═══ INFORMATION GIVEN ═══

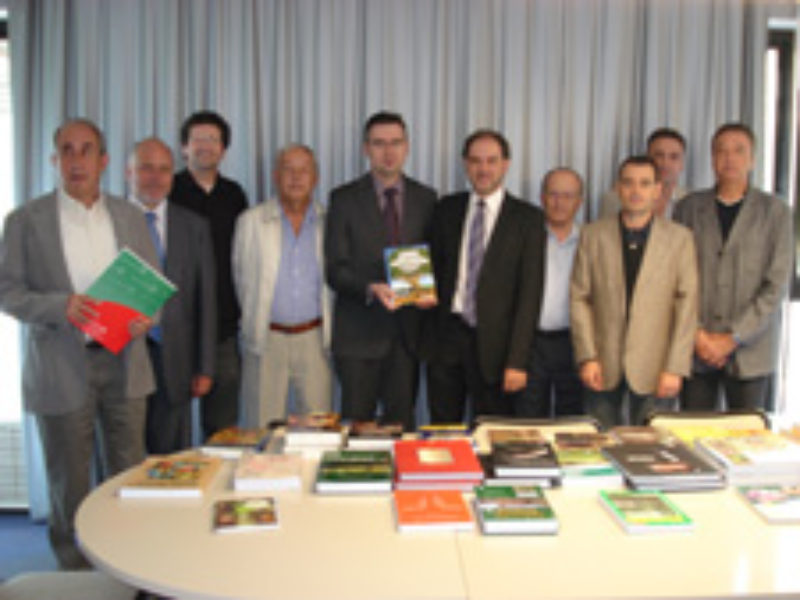 Una obra sobre la salut de les plantes de cultiu guanya el premi de la 38a. edició del llibre agrari Fira Agrària Sant Miquel-Eurofruit 2009.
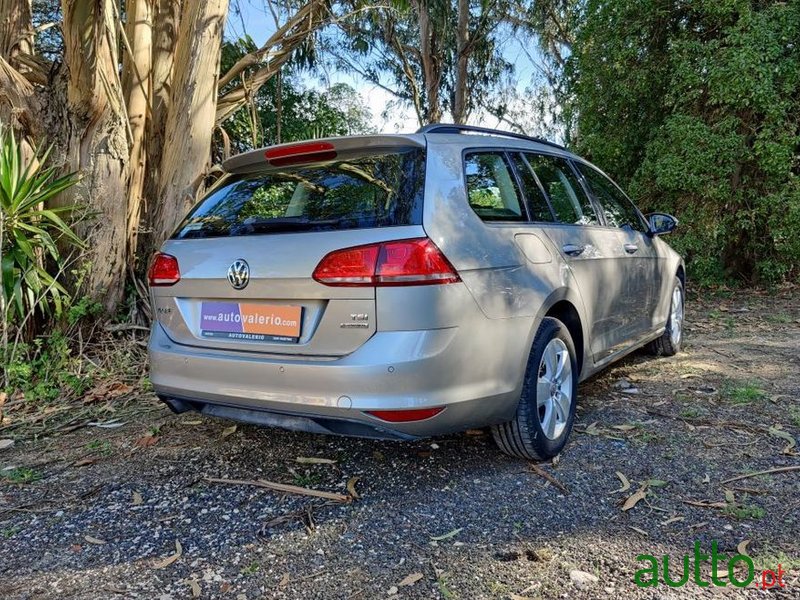 2014' Volkswagen Golf Variant photo #2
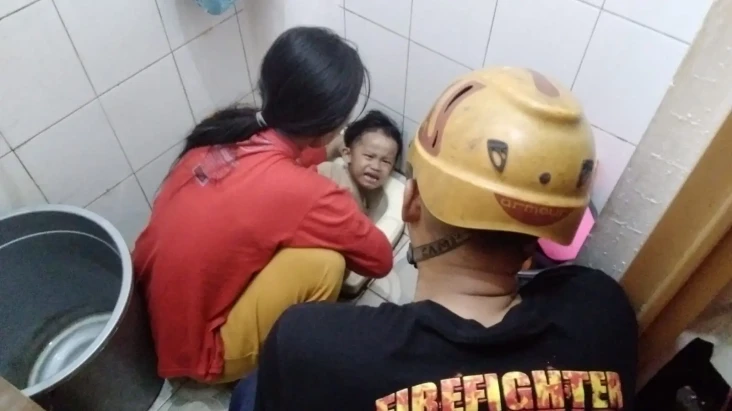 Ambil Kerupuk Terjatuh...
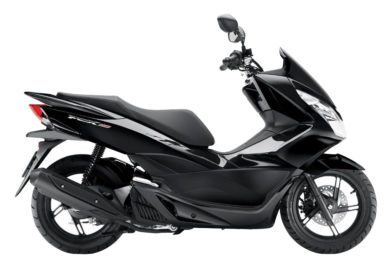 Черный скутер Honda PCX, вид сбоку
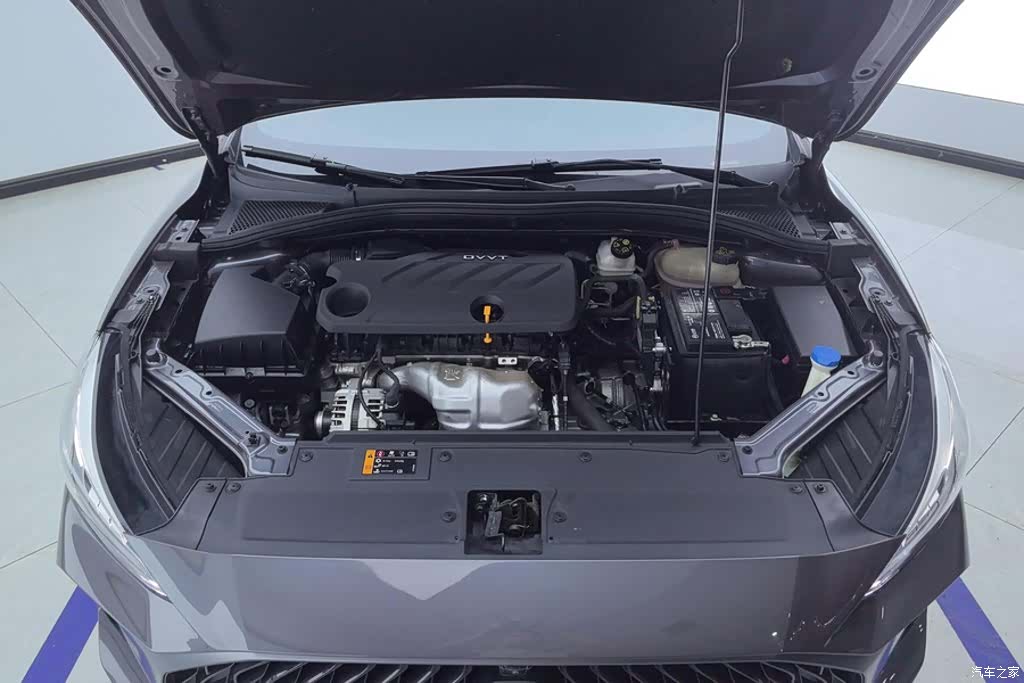 MG MG5, 2022 10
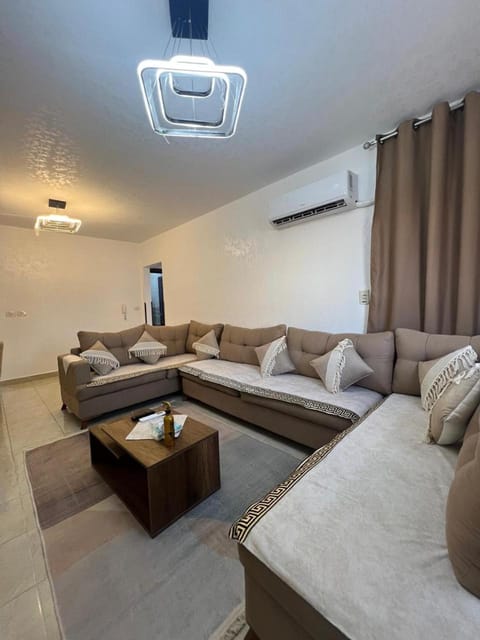 TV and multimedia, Seating area, air conditioner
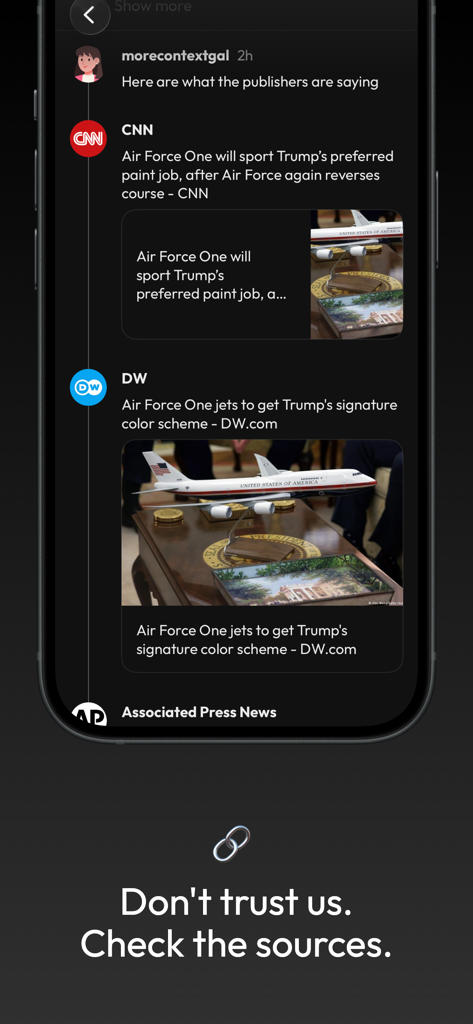 The Commuter: news digest - A thread-like interface in The Commuter app showing news headlines from CNN and DW for the same story.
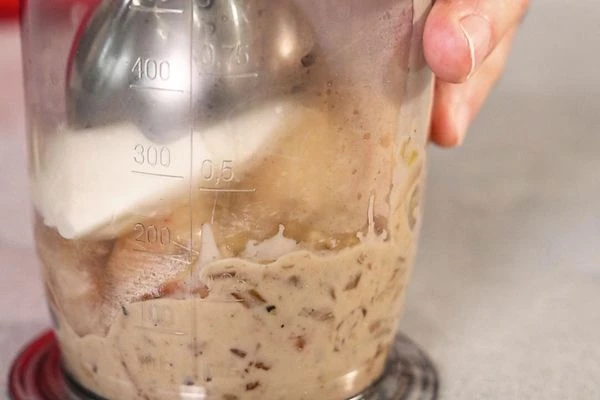 Переложить в чашу блендера, добавить творожный сыр и измельчить.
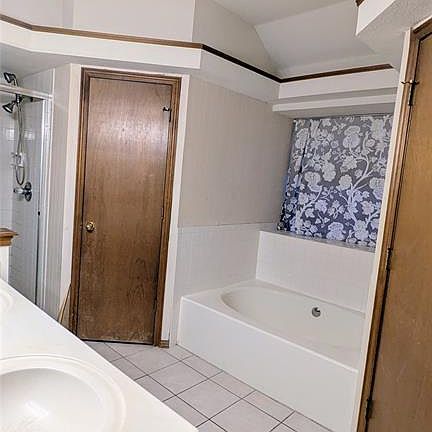 4th image of 1120 SW 132nd St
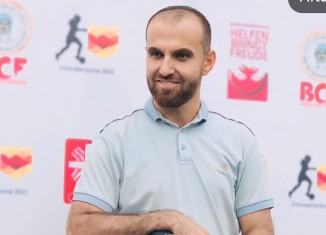 ژبەرهەڤژینا خوە بوویە وێنەگر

═══

**PROBLEM TO SOLVE**
Only the lines from the one with "Переложить в чашу" through the end of the data, both ends included, should be written out exactly, and no pictures should appear.

**SOLUTION**
 Переложить в чашу блендера, добавить творожный сыр и измельчить.
 4th image of 1120 SW 132nd St
 ژبەرهەڤژینا خوە بوویە وێنەگر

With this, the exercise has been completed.